- Opening Delimiter -

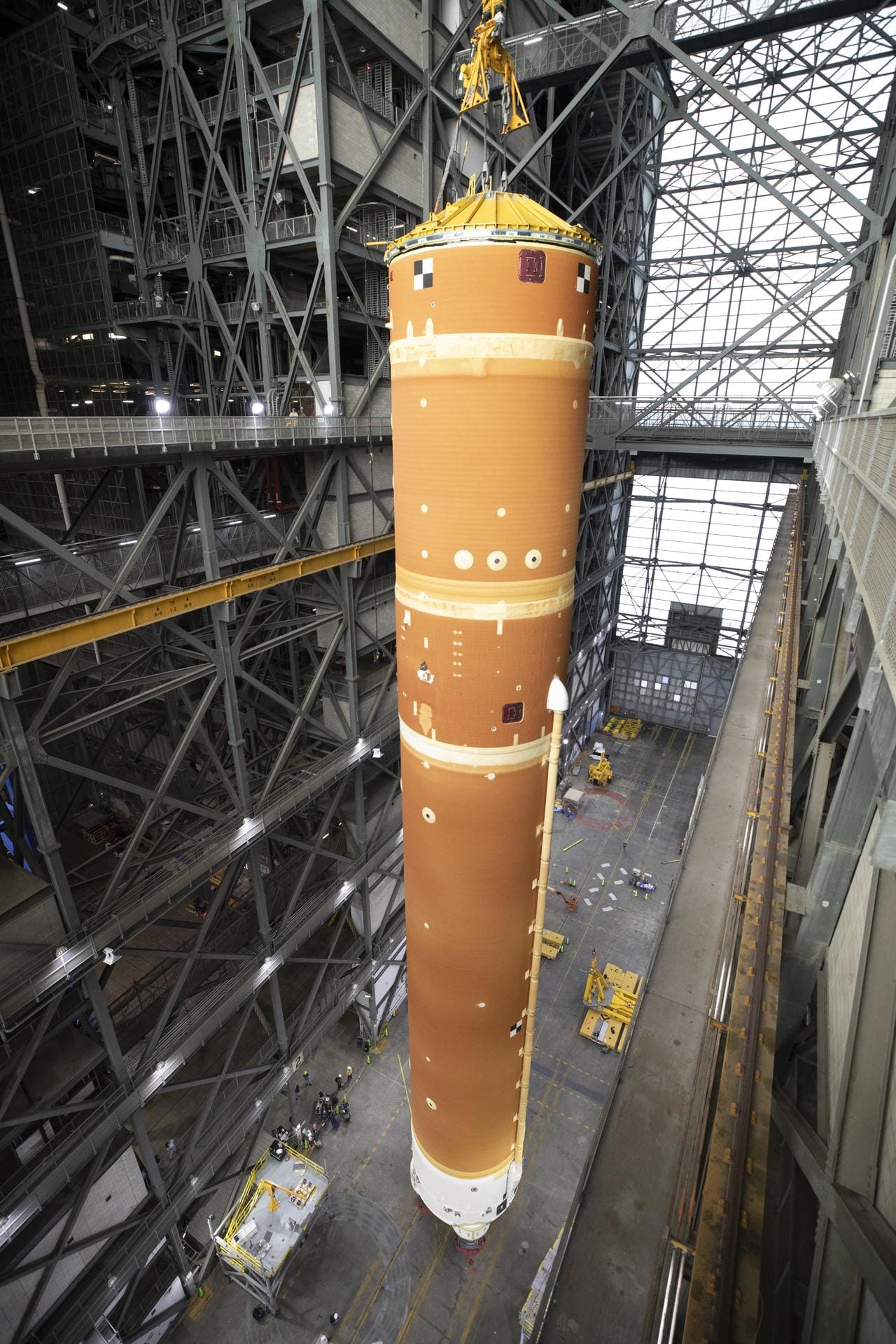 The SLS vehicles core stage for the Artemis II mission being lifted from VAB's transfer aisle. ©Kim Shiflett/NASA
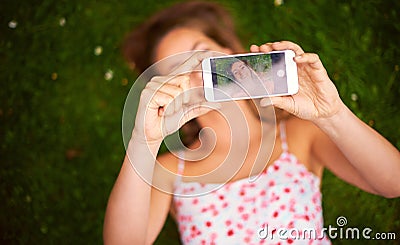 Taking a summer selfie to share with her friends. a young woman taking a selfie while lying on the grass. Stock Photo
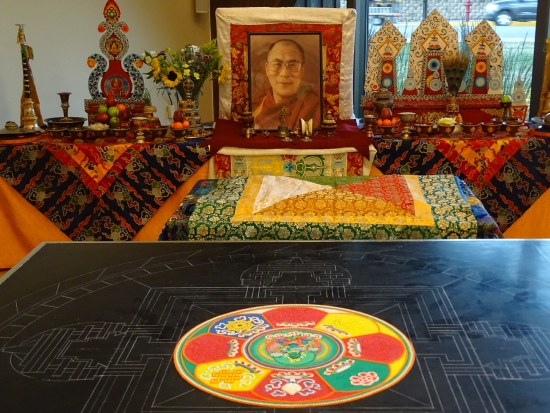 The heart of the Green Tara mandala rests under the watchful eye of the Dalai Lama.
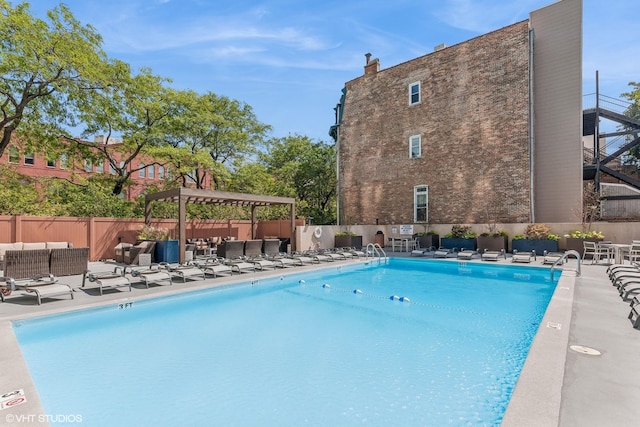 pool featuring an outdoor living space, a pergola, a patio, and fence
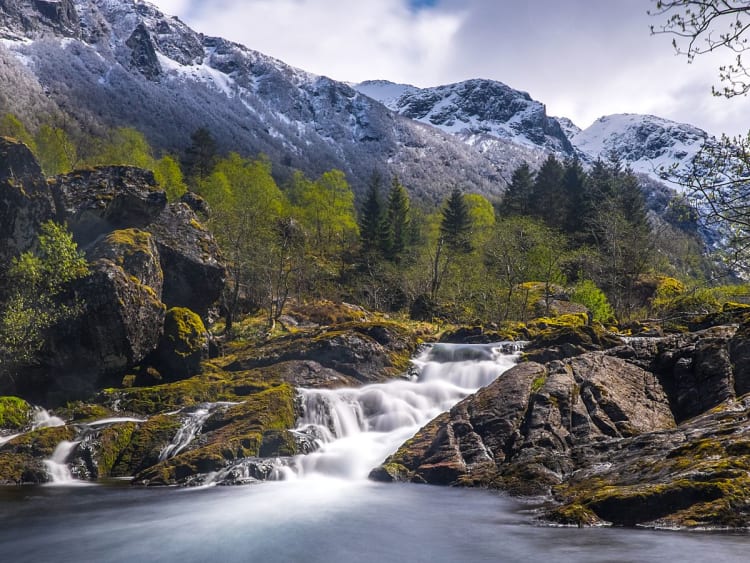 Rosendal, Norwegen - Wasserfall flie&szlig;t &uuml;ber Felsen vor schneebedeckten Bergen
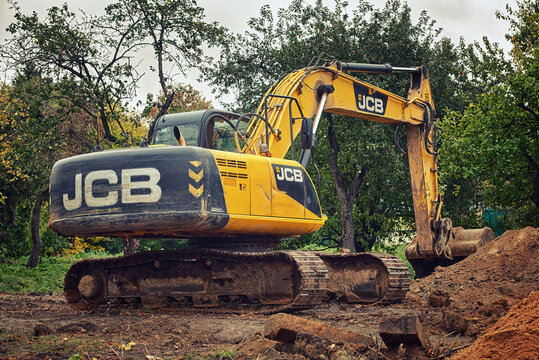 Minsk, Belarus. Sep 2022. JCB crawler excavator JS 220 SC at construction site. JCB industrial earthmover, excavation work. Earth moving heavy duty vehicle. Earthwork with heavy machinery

- Closing Delimiter -

■ **Work request**:
Each line from the first line of the records through the line containing "Taking a summer" must be reproduced exactly, with both ends included and all pictures omitted; nothing else belongs in the answer.

■ **Reply to the task**:
 The SLS vehicles core stage for the Artemis II mission being lifted from VAB's transfer aisle. ©Kim Shiflett/NASA
 Taking a summer selfie to share with her friends. a young woman taking a selfie while lying on the grass. Stock Photo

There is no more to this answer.